Transit and Land Use Plan. Negli ultimissimi giorni si è parlato molto, moltissimo, di due nuove lottizzazioni marmittatissime che tra parentesi stanno a poche centinaia di metri l’una dall’altra. Ammazzala se qualcuno, solo qualcuno, ha dedicato una virgola a questo aspetto, che pure poteva dirla molto lunga anche su tutti gli altri. La prima è la cosiddetta Milano 4, sui terreni di Arcore giusto davanti alla mitica Villa San Martino, chiusa a sandwich fra un tratto del Lambro forse scampato all’ecatombe e un bell’impianto dello sponsor Rovagnati. La seconda è quella che il Lambro, e poi il Po, e poi chissà cos’altro, li ha direttamente inondati di petrolio, ed è la Eco-City giusto di fronte a un altro impianto del prosciuttiere Rovagnati. Oltre alla vicinanza alla multinazionale del porco salato, le due lottizzazioni hanno però un tratto che le rende molto simili, e molto simili a tutti gli altri prodotti territoriali contemporanei: sono pensate solo ed esclusivamente in funzione della mobilità automobilistica, pur trovandosi entrambe (Eco-City addirittura gli sta sopra) molto vicine ai binari delle ferrovie suburbane.

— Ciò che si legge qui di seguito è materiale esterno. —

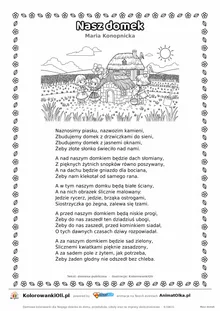 Nasz domek (Maria Konopnicka) — tekst wiersza i ilustracja do kolorowania, karta A4 do druku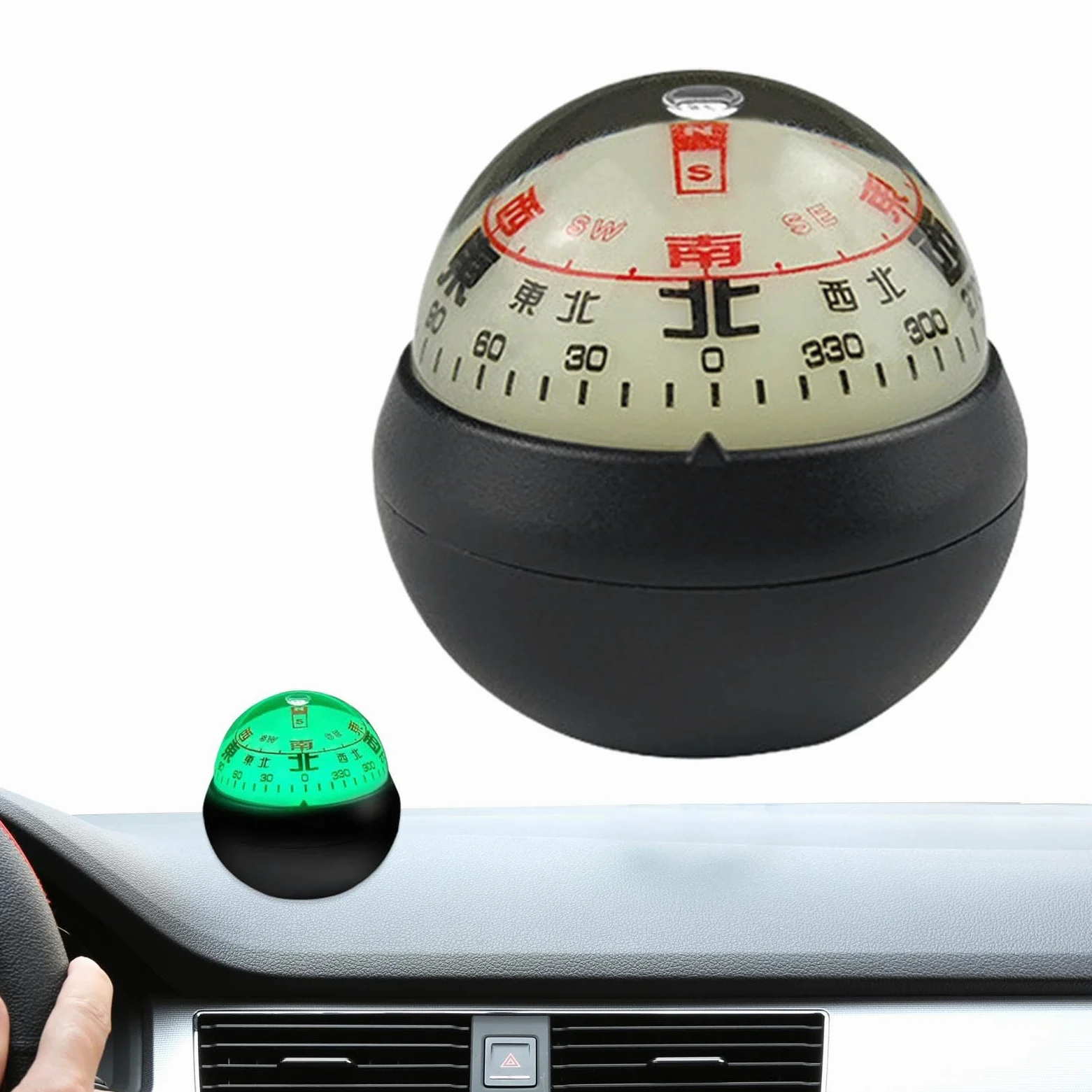 Brújula Esférica Automotriz Diseño Luminoso De Doble | Brújula De Bola Para Salpicadero Para Coches Barcos Navegación Exterior Senderismo Orientación Encontrar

Così anche se poi ci sono le piste ciclabili, l’energia o le finiture da catalogo di sostenibilità commerciale, anche il sogno immerso nel verde sputa veleni da tutte le marmitte che ci vanno e ci vengono. Perché l’unico modo di andarci e venirci è quello. Non a caso (lo spiego meglio per chi volesse sul mio sito http://mall.lampnet.org) la Milano 4 di Arcore è attaccata all’autostrada Pedemontana come un vitellino alla tetta della mamma, e la Eco-City di Villasanta sta affacciata sulla rotatoria che immette alla bretella per la Tangenziale Est. Entrambe ignorano quei rugginosi binari, là dove nella logica di un Transit and Land Use Plan ci sarebbe stata innanzitutto la grande piazza della stazione, e poi tutto attorno la città, e poi tutto attorno gli altri quartieri da trasformare in modi simili per traboccamento logico ed economico. E invece le nostre cittadelle hanno il solito aspetto da lottizzazioni suburbane chiuse su se stesse, pronte a chiudersi ancora di più se necessario, salvo uscirne rintanati nel simbolico SUV.
Ecco, se la domenica smarmittata padana può servire a riflettere su questi obiettivi di nuova libertà, mobilità, opportunità, fantastico. Altrimenti, se ci aspetta la predica vagamente autoritaria di chi lo fa per la nostra “salute” (non suona sinistramente troppo simile a chi fa altro per la nostra “sicurezza”?) finirà come le altre volte.
E pensare che negli anni ’60, proprio quelli a cui la crisi petrolifera mise culturalmente fine, la vulgata progressista e di sinistra più pervasiva coincideva, esattamente, con l’antiautoritarismo. Non sarebbe il caso di ricordarsene, e di mandare a quel paese certi profeti di sventura a gettone?
Nota: per i tre temi attorno ai quali si sviluppa questo pezzo, si vedano l'articolo di Paolo Hutter sulla domenica padana a piedi, quello di Gabriele Cereda sulla Eco-City e l'apocalisse del petrolio nel Lambro, infine quello del sottoscritto Fabrizio Bottini sull'urbanistica berlusconiana declinata a Milano 4 (f.b.)